DESCRIPTION OF THE TASK
In the entries below, find the line with "Clayre & Eef" and the line with "Celine Smooth Calfskin". Reproduce those two lines and every line between them exactly, and nothing more.

THE INPUT

----

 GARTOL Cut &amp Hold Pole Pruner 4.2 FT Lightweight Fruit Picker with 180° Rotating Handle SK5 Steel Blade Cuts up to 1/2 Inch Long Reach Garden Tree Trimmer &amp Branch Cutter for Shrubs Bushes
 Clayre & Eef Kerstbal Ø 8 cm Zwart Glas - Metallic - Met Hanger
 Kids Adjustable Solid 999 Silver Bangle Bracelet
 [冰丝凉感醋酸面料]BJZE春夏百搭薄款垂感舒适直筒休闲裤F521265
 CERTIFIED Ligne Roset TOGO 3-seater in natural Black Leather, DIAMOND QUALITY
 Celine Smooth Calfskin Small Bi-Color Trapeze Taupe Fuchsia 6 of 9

----

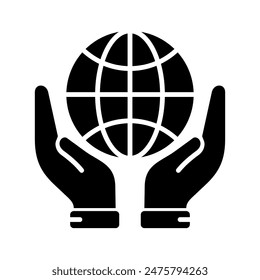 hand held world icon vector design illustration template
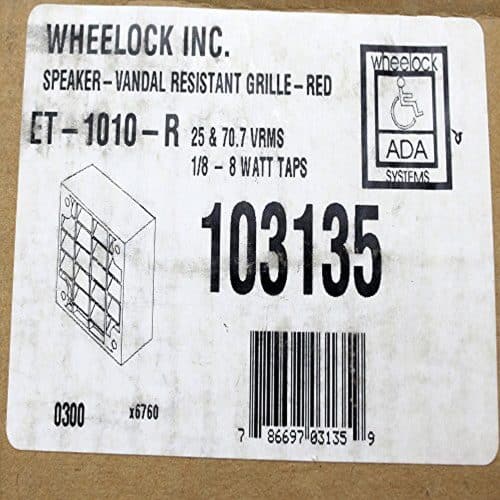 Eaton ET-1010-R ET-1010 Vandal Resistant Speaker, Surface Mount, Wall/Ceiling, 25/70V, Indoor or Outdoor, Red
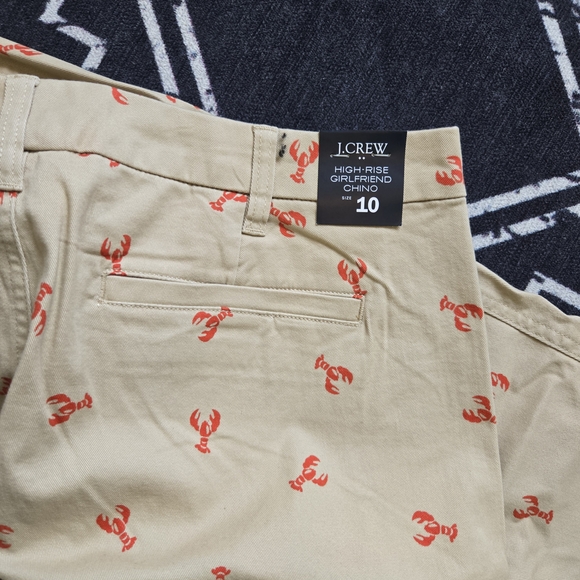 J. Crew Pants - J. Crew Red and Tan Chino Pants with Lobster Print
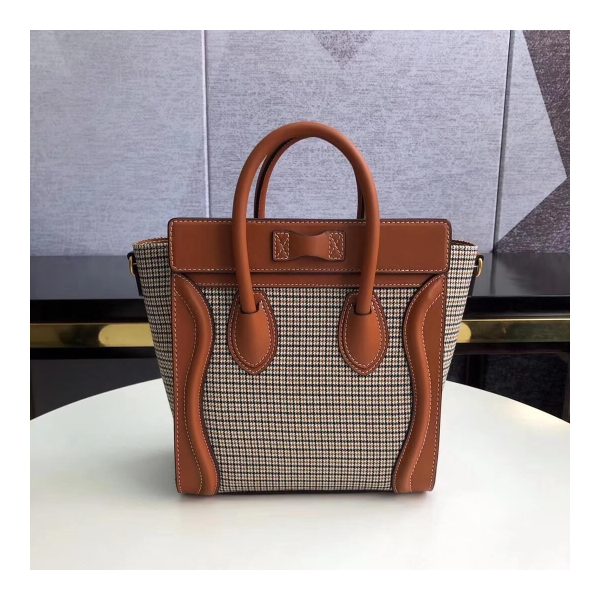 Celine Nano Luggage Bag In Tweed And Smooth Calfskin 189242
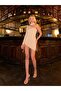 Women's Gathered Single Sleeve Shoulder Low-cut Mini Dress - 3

----

WORKED SOLUTION
 Clayre & Eef Kerstbal Ø 8 cm Zwart Glas - Metallic - Met Hanger
 Kids Adjustable Solid 999 Silver Bangle Bracelet
 [冰丝凉感醋酸面料]BJZE春夏百搭薄款垂感舒适直筒休闲裤F521265
 CERTIFIED Ligne Roset TOGO 3-seater in natural Black Leather, DIAMOND QUALITY
 Celine Smooth Calfskin Small Bi-Color Trapeze Taupe Fuchsia 6 of 9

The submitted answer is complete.